Cet homme de main pur et dur redouté et redoutable du milieu culturel du régime stalinien aurait pu (du?) attendre avant de pourfendre Le rideau de fer. Ce long métrage compte en effet parmi les représentations filmiques les plus équilibrées et intelligentes des premières années de la Guerre froide. Les films qui vont suivre s’avèrent souvent excessifs / zinzins dans leur dénonciation de l’URSS et de ses agents.
Dénoncé par des commentateurs américains qui craignent une augmentation de l’anxiété, de la colère et de la suspicion au sein du grand public américain, Le rideau de fer est plus médiatisé que tout autre long métrage sorti en 1948. Le jury de la Academy of Motion Picture Arts and Sciences l’ignore toutefois totalement lorsque vient le moment de choisir les meilleur film, acteur, actrice, réalisateur, etc., de l’année 1948, mais je digresse. Cette académie est-elle mentionnée à quelques reprises dans notre tout simplement génial blogue / bulletin / machin depuis septembre 2019, demandez-vous, ami(e) lectrice ou lecteur? Oui, elle l’est.
Début mai 1948, quelques jours à peine avant la grande première de Le rideau de fer, la maison d’édition J.M. Dent and Sons (Canada) Limited de Toronto, Ontario, et Vancouver, Colombie-Britannique, une filiale de la maison d’édition britannique J.M. Dent and Sons Limited, publie This Was My Choice, un livre initialement rédigé en russe par Gouzenko, puis traduit en anglais, par un certain Mervyn Black peut-être, et réécrit par le journaliste sportif montréalais Andrew William « Andy » O’Brien.
This Was My Choice est également publié au Royaume Uni en 1948, par… Eyre and Spottiswoode (Publishers) Limited, ce qui est un tantinet curieux. Il va de soi que le livre de Gouzenko est publié aux États-Unis en 1948, mais avec un titre fort différent : The Iron Curtain. Oh surprise… Il n’est toutefois pas publié au Québec, un paradis de l’anticommunisme s’il en est, ou en France, ce qui est également un tantinet curieux.
Parlant (tapant?) de curiosité, souhaitez-vous connaître le nom de l’artiste qui crée la bande dessinée au cœur de ce numéro de notre blogue / bulletin / machin? Et oui, c’était bel et bien une question rhétorique.
Le pseudonyme qui accompagne la première planche de Julien Gagnon, soit Rémy, cache un des plus grands caricaturistes politiques québécois, voir canadiens, du 20ème siècle.
Le caricaturiste montréalais Norman Hudon en plein travail. Pierre Gascon, « Croquis et instantanés. » Photo-Journal, 30 juin 1949, 7.

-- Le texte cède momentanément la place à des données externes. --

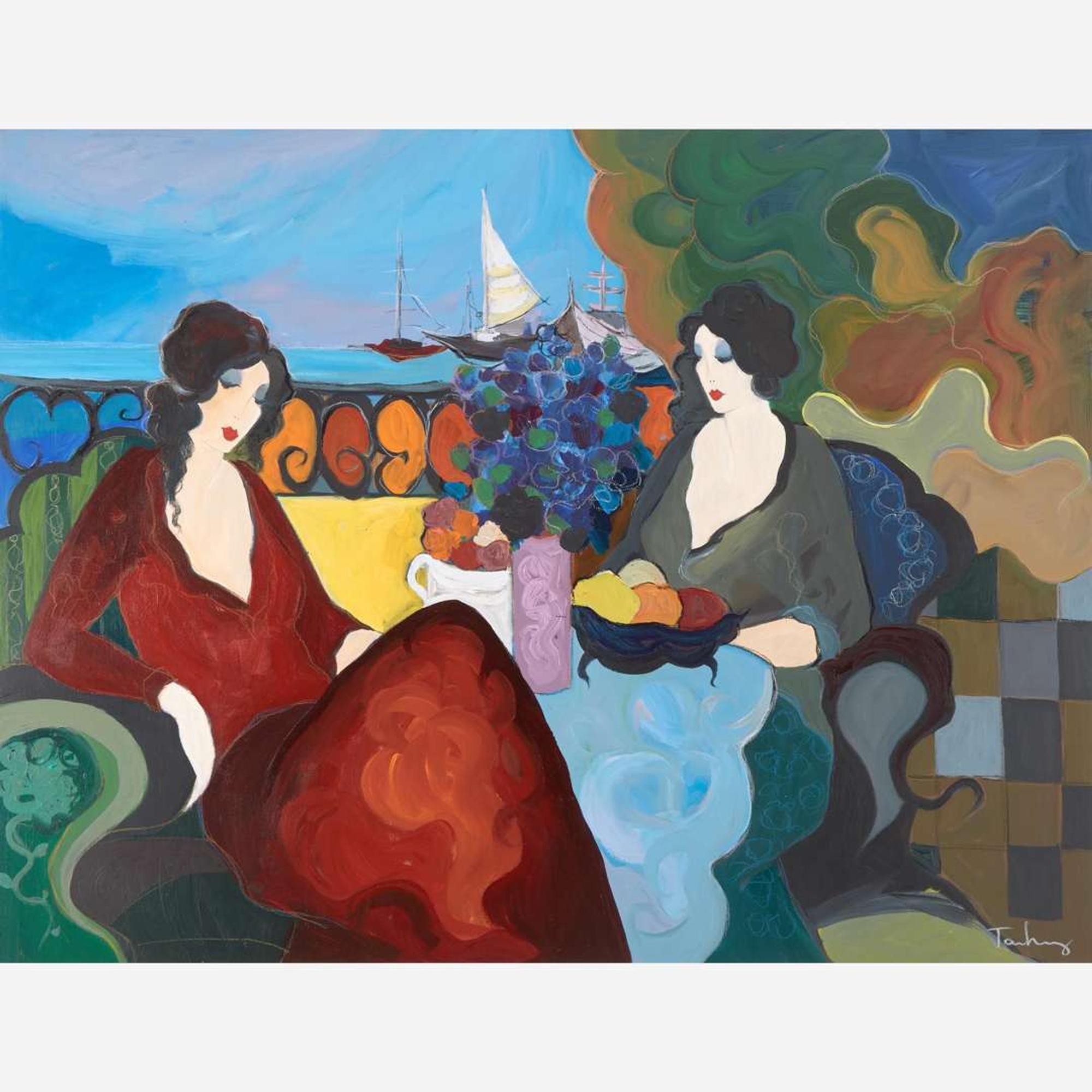 Itzchak Tarkay (Israeli, 1935-2012) Women near the Harbor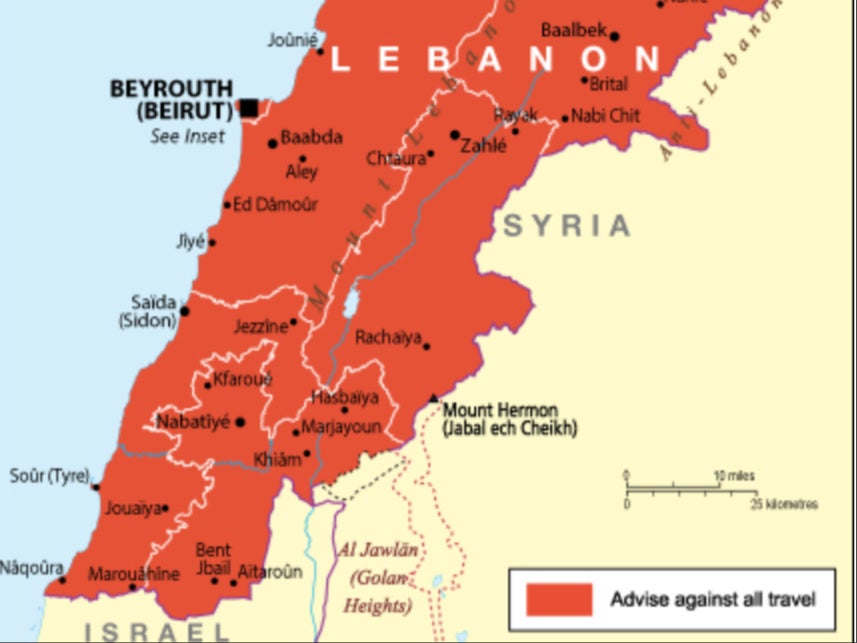 Map of Lebanon with Foreign Office advice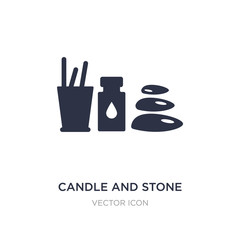 candle and stone icon on white background. Simple element illustration from Wellness concept.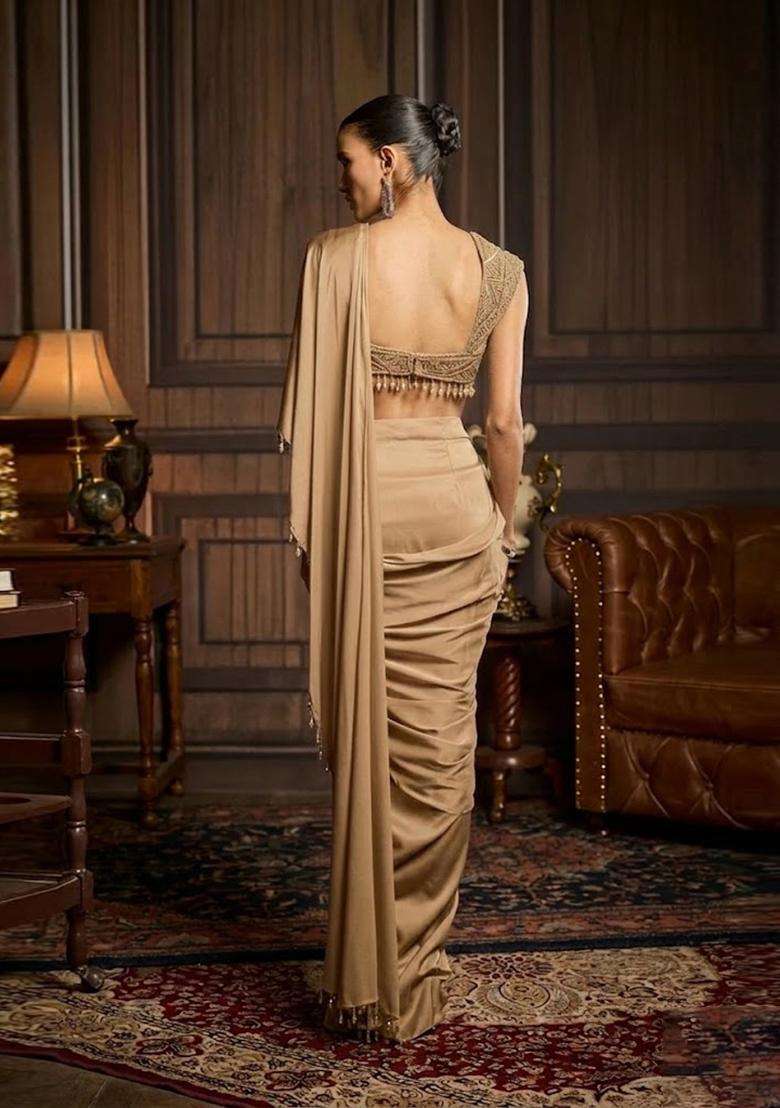 Beige Hand Work Chinon Pre Draped Saree Set - Indya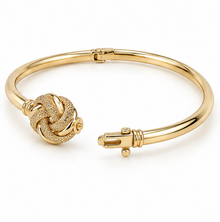 9ct Yellow Gold Feature Knot Hinged Bangle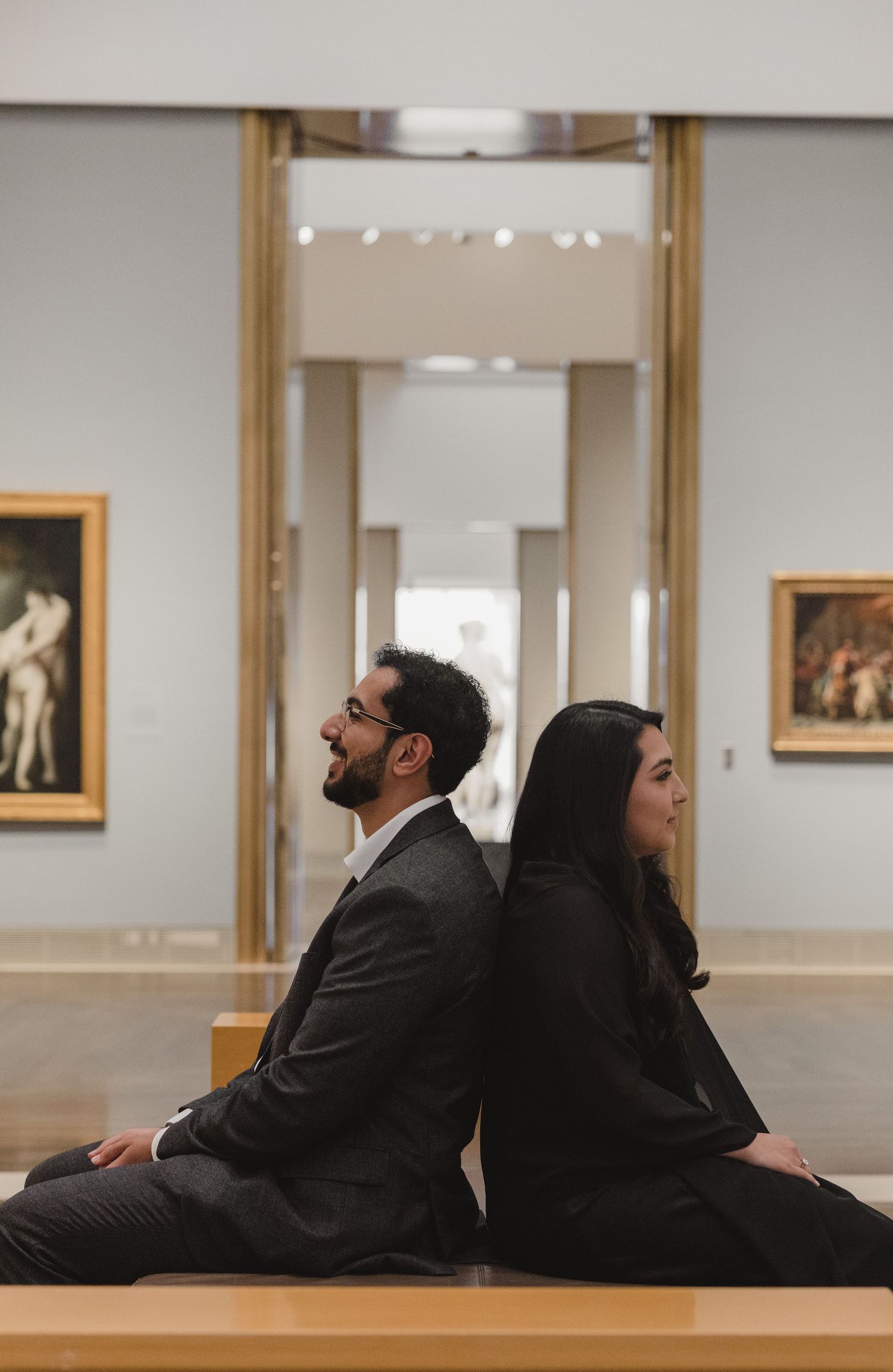 MFA Houston proposal and engagement photography at the Museum of Fine Arts, Houston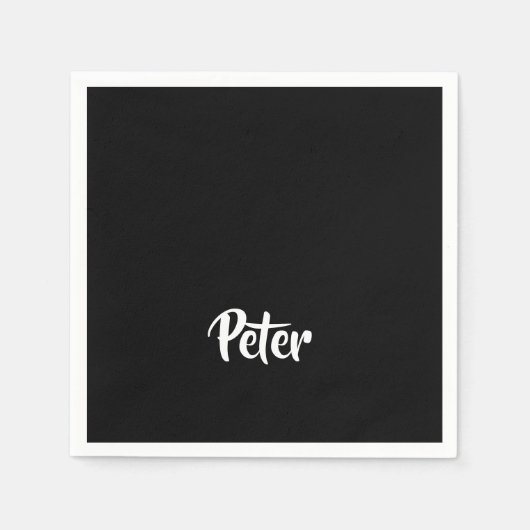 Serviette En Papier Nom personnalisé noir (Devant)
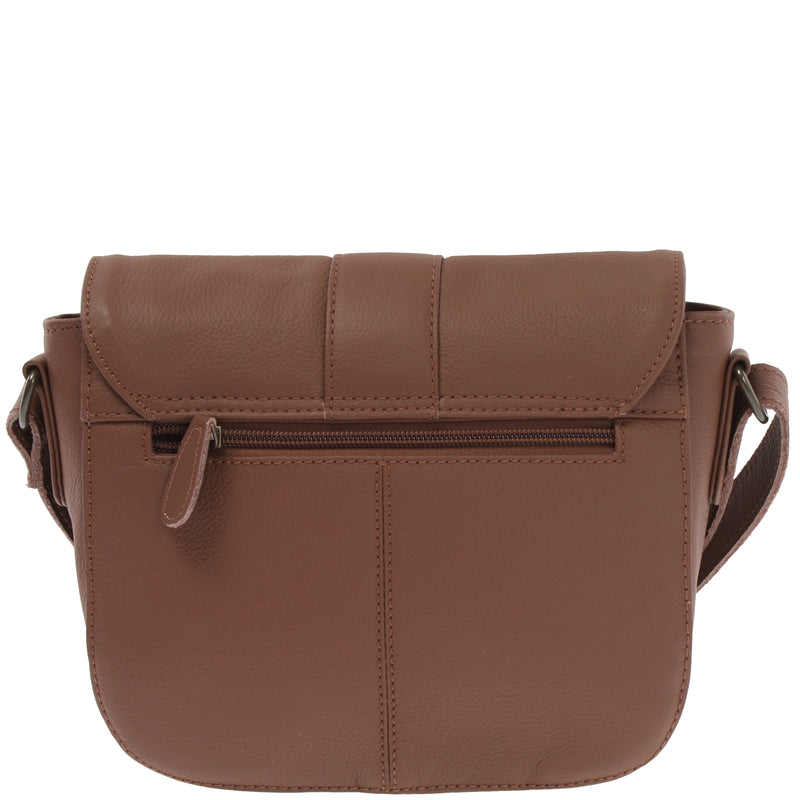 Leconi kleine Schultertasche Umhängetasche Damentasche Leder rehbraun LE0074 Speichern exportieren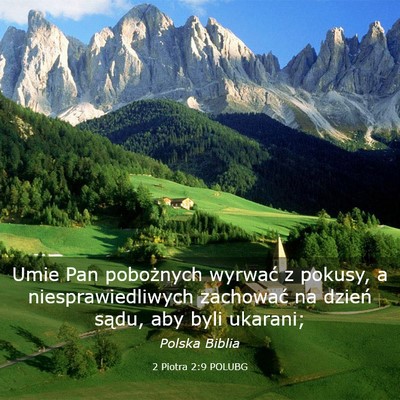 Picture 03 - 2 Piotra 2:9 POLUBG - Umie Pan pobożnych wyrwać z pokusy, a - Bible Verse Picture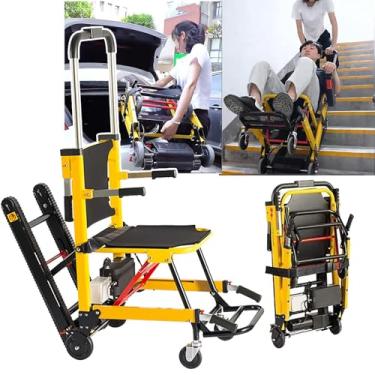 Imagem de Escalador de escadas elétrico (carga de 160 kg) - Painel de controle inteligente + moldura de liga de alumínio, idosos/deficientes - Cadeira de rodas elétrica para subir e descer escadas - Cadeira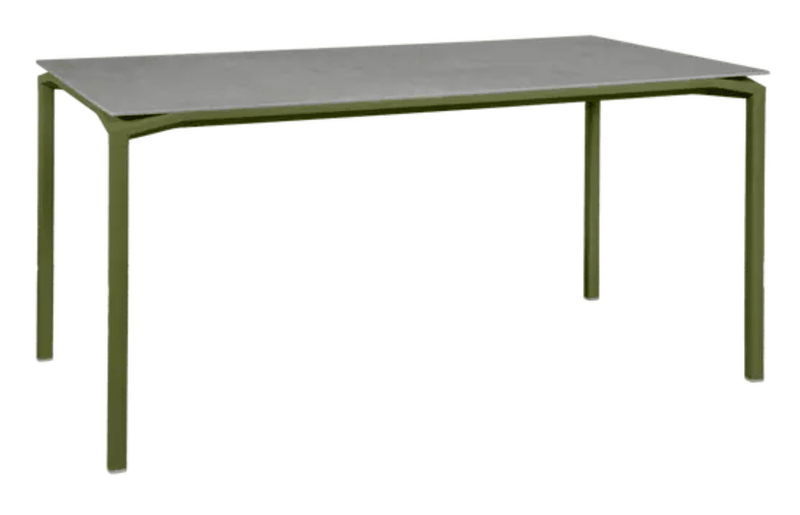 Load image into Gallery viewer, Fermob CALVI Creta Mineral dining table in Pesto Grey with 160x80 cm surface, six-seater for dining room or patio.
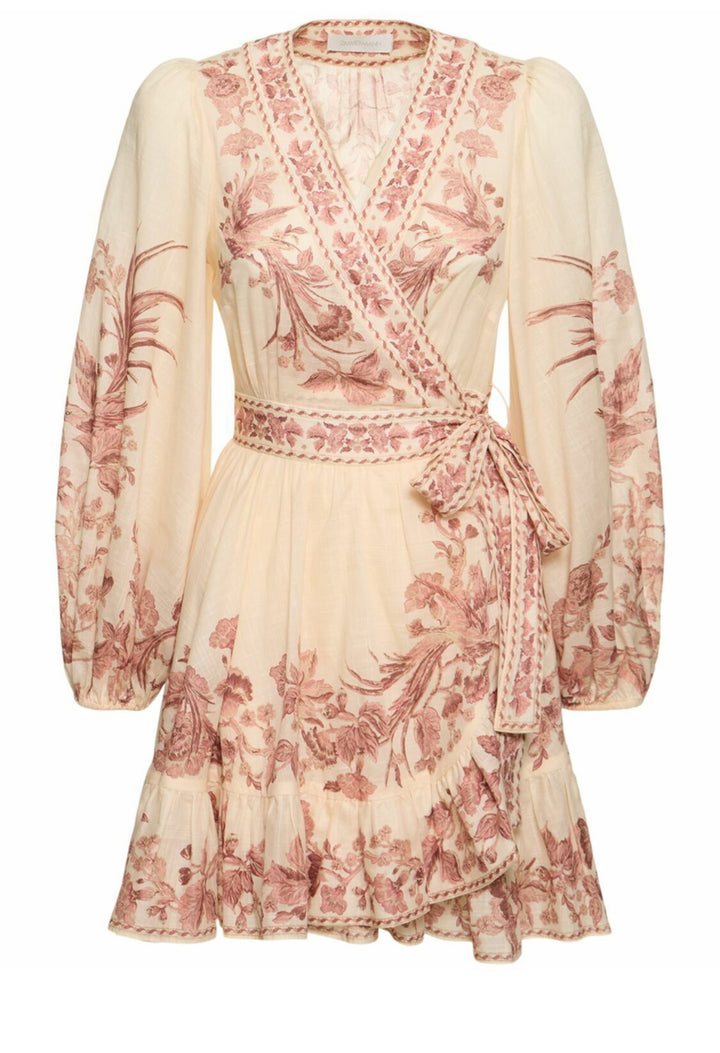 ZIMMERMANN WAVERLY POPLIN WRAP MINI DRESS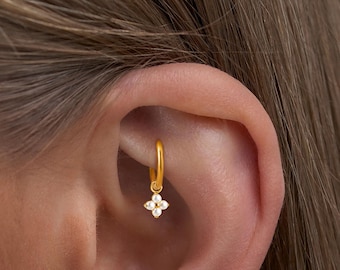 18G/16G Titanium Dangle Huggie Hoop, Cartilage/Conch/Helix Hoop Earring, Rook piercing • conch piercing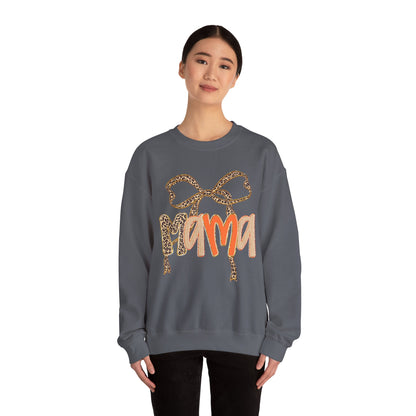 Mama Bow Crewneck Sweatshirt - Gift for Moms, Cute Mama Sweater, Cozy Fall Wear, Mother's Day Gift, Animal Print Sweatshirt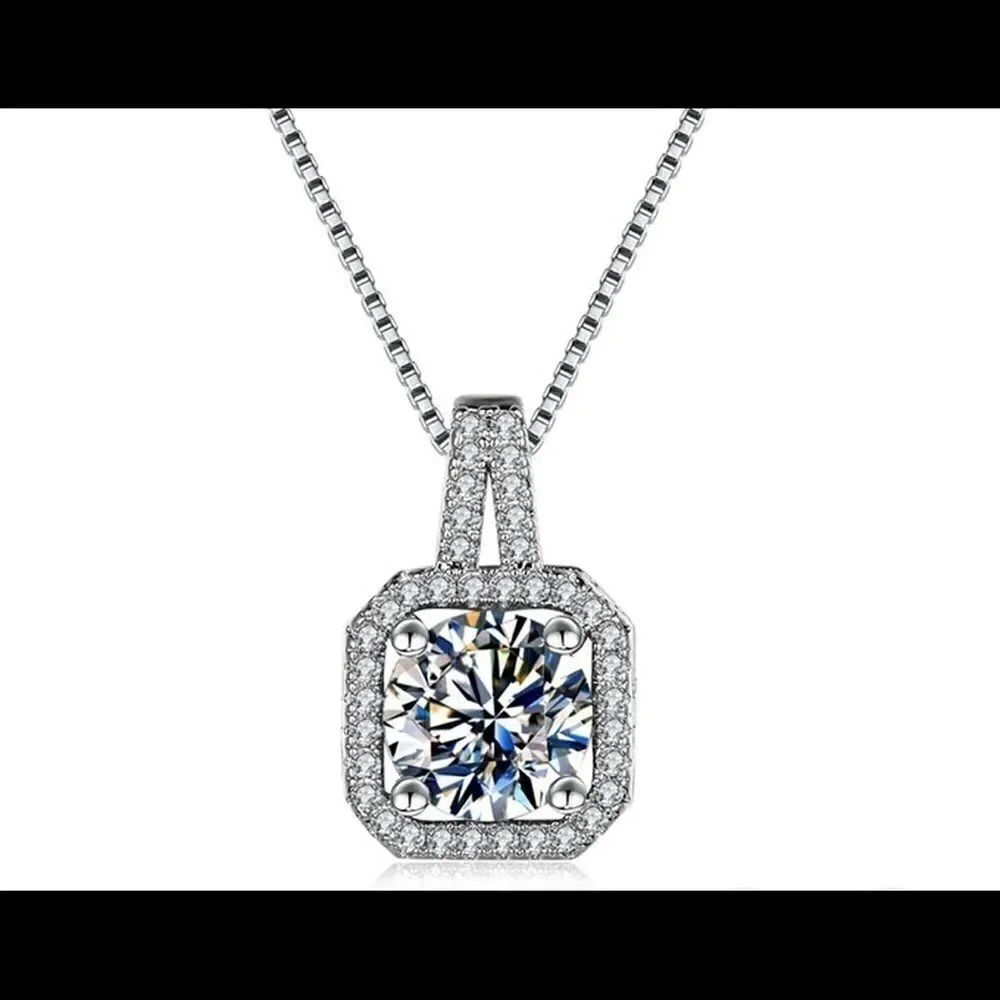 Beautiful CZ Diamond Halo Necklace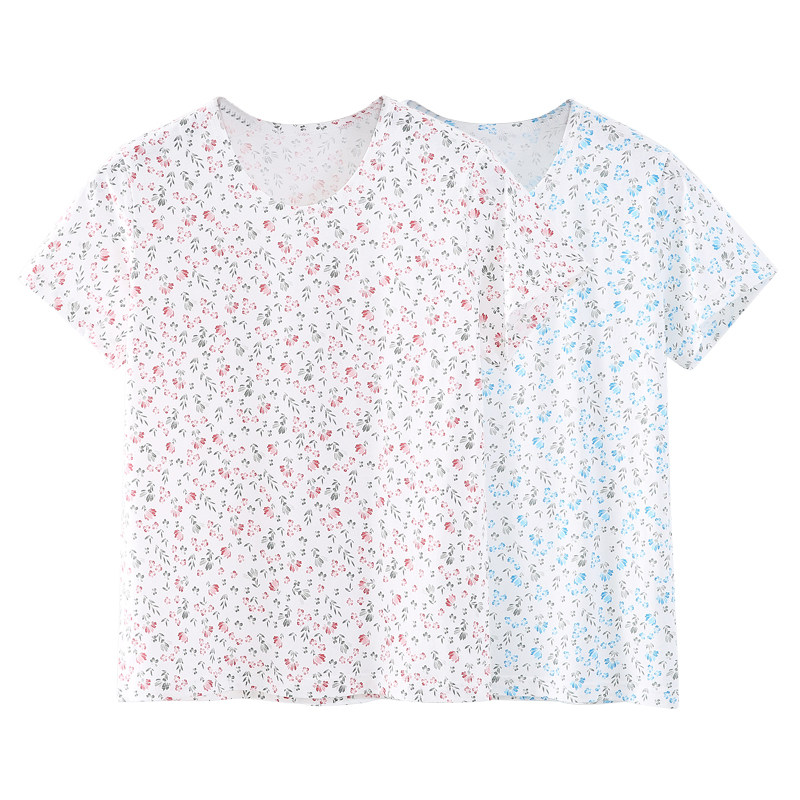 来馨儿女士中老年人汗衫纯棉宽松短袖薄款圆领妈妈全棉印花背心夏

Normand Hudon voit le jour à Montréal en juin 1929. Et non, il n’a pas encore 19 ans lorsque la première planche de Julien Gagnon paraît, en mai 1948.
Grand dessinateur depuis son enfance, Hudon remporte, au printemps 1945, un prix pour l’affiche qui publicise un congrès eucharistique, organisé / tenu par l’église catholique, apostolique romaine, en juin, à Rosemont, Québec. Cette même année, il remporte le premier prix du concours d’affiche lancé par le fameux Jardin botanique de Montréal dans le cadre d’une vaste campagne contre les mauvaises herbes lancée, semble-t-il, dans le cadre de la réunion annuelle de l’Association canadienne-française pour l’avancement des sciences (ACFAS) qui se tient en octobre à Montréal, à l’Université de Montréal. Et oui, ACFAS est bel et bien mentionnée à quelques reprises dans notre merveilleux blogue / bulletin / machin depuis décembre 2018.
En juillet 1946, l’important quotidien La Presse de Montréal commence à publier, en première page de la section magazine en couleurs qui accompagne son édition du samedi, quelques / plusieurs œuvres de Hudon : une vue de carré Dominion, à Montréal, et de ses superbes tulipes, une jeune femme marchant sous la pluie sur une route de campagne, un couple en carriole rendant visite à des amis le jour de l’an, etc. En juillet 1946, Hudon a 17 ans. À cet âge, votre humble serviteur ne savait pas distinguer le haut du bas.
En 1947, avant même de compléter ses études secondaires, Hudon s’inscrit à l’École des beaux-arts de Montréal, où il se spécialise en illustration, dessin et décoration. Il ne tarde pas à briller. Croiriez-vous que la direction de cette auguste institution juge Hudon à ce point talentueux qu’elle le place apparemment dans des classes de deuxième année dès son premier jour en classe?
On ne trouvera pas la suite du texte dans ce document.